Il risultato del referendum è stato chiaro: ha segnato una vittoria per il centrodestra, che aveva invitato all’astensione. L’alta astensione ha infatti dimostrato che una larga parte degli italiani non condivideva le proposte messe al voto. In particolare, il quesito numero 5, quello sulla cittadinanza, ha rivelato una spaccatura anche all’interno della sinistra. Nonostante il referendum sia stato promosso soprattutto da quest’area politica, i risultati (60% favorevoli contro 40% contrari) indicano che, nel segreto dell’urna, molti elettori di sinistra non hanno sostenuto la proposta. Questo evidenzia un distacco crescente tra le posizioni ideologiche della sinistra e il sentire comune. Credo anche che, alla luce di questi dati, è necessario rivedere le modalità con cui si organizzano i referendum. Non è sostenibile continuare a investire risorse pubbliche senza garanzie di reale partecipazione. Con gli strumenti digitali oggi disponibili, come lo SPID, si potrebbe alzare la soglia per la raccolta firme e mantenere il quorum, per evitare che una minoranza decida su temi rilevanti per tutto il Paese.
Nel merito invece?
Per me i quesiti sul lavoro rappresentano un ritorno al passato perché tentano di demolire riforme che hanno introdotto un minimo di flessibilità e di responsabilità in un mercato del lavoro che è ingessato. Anziché favorire l’occupazione e la competitività, questi referendum vogliono ripristinare vincoli, rigidità. Quindi difendere l’articolo 18 non crea posti di lavoro, ma li cancella.

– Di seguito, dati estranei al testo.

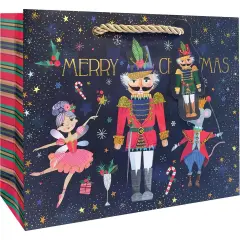 Pack/6: Nutcracker Ballet Gift Bag - 7-1/2 x 3 x 6"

Mentre sul fronte della cittadinanza si vuole svuotare il concetto fondamentale di essere cittadini italiani. Accorciare i tempi per ottenerla significa non significa integrazione, significa resa. La cittadinanza non è un automatismo, ma un traguardo che richiede radicamento, rispetto delle regole, un’identità condivisa e integrazione appunto. Ho votato anche se non credevo in una stagione referendaria usata come surrogato della politica che abdica al confronto parlamentare e alla costruzione di un consenso sociale: è l’ennesima operazione ideologica promossa dalla sinistra per piegare il diritto e il lavoro ai propri schemi ideologici.